::: Records shown :::

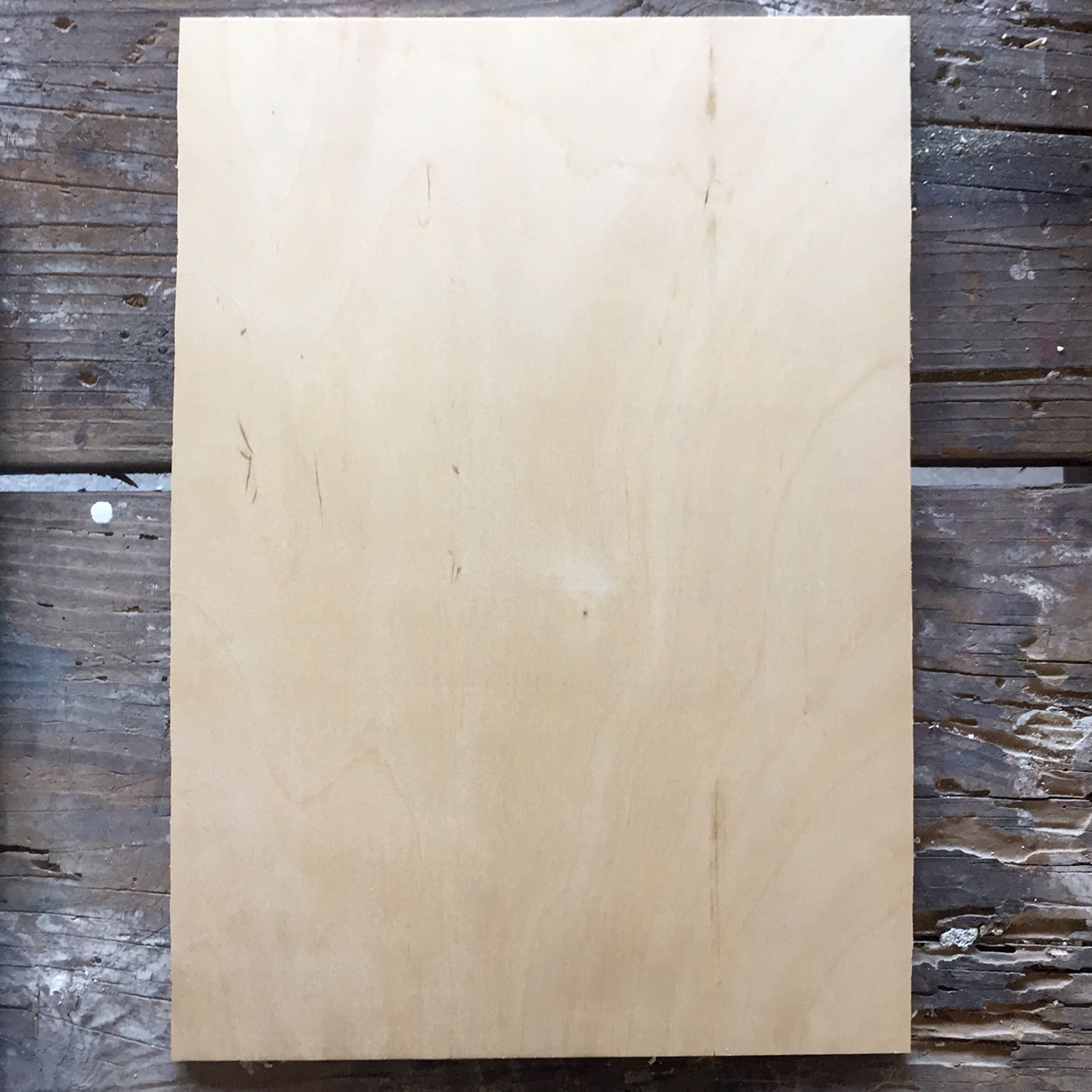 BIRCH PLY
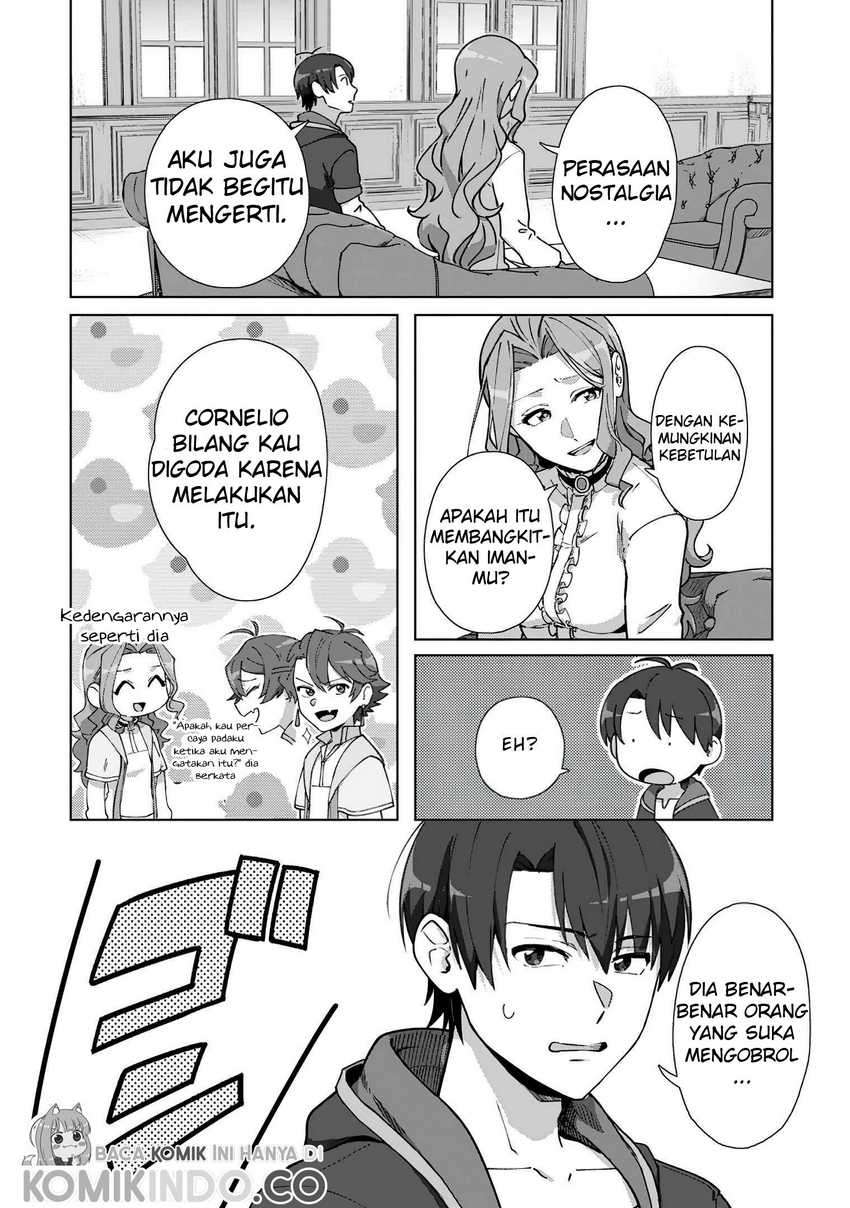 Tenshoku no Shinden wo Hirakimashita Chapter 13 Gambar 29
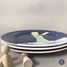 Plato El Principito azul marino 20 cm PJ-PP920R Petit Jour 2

:::
::: Records shown :::

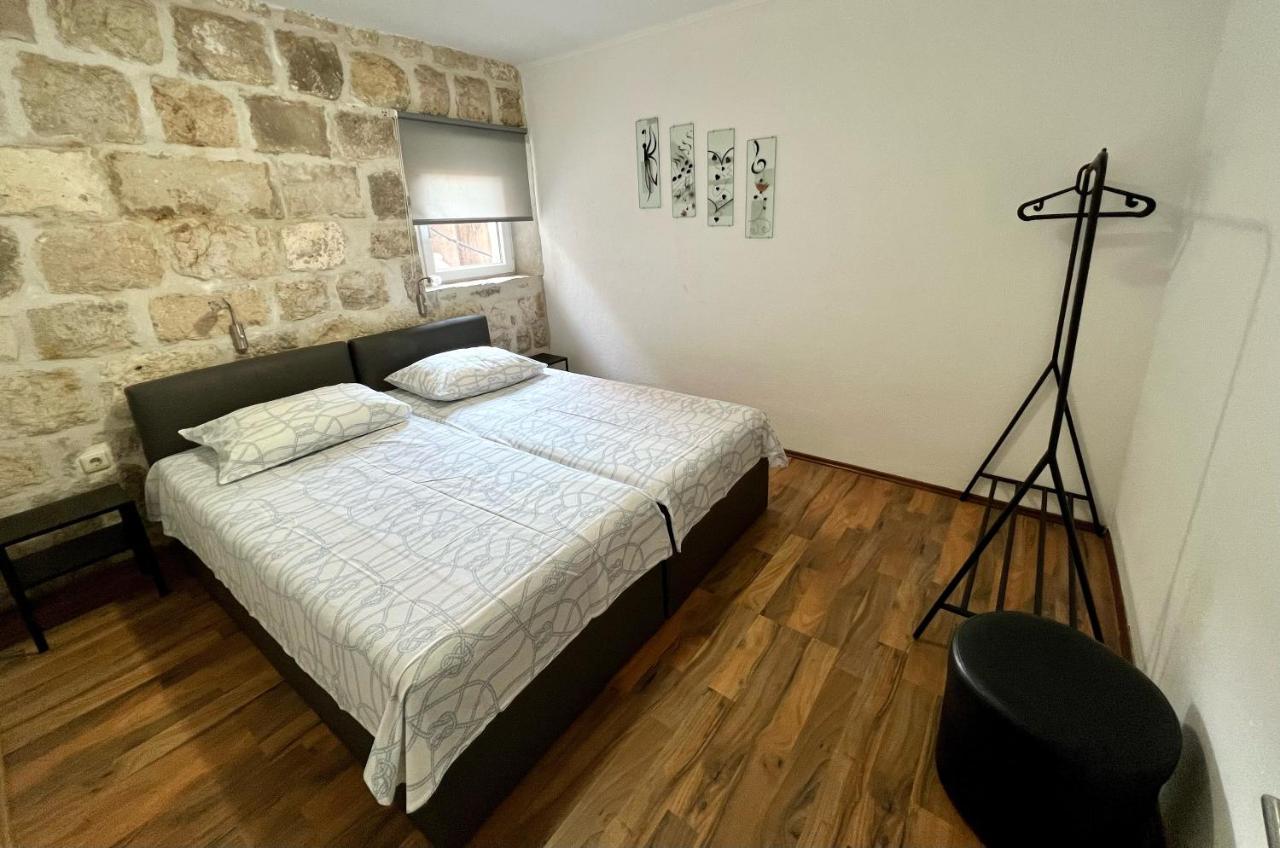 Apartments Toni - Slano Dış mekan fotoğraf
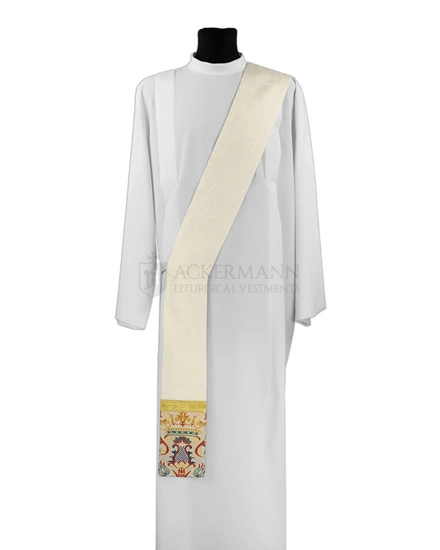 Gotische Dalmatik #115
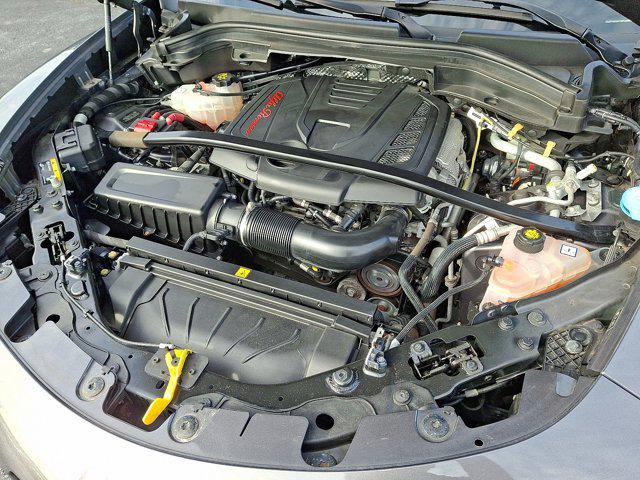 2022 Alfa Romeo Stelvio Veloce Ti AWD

:::

■ What to do ■
A verbatim reproduction is expected: starting at the line above that has "Apartments Toni - Slano Dış mekan fotoğraf", ending at the line that has "2022 Alfa Romeo Stelvio Veloce Ti AWD", both included, and with no pictures and no other lines.

■ Answer to this problem ■
 Apartments Toni - Slano Dış mekan fotoğraf
 Gotische Dalmatik #115
 2022 Alfa Romeo Stelvio Veloce Ti AWD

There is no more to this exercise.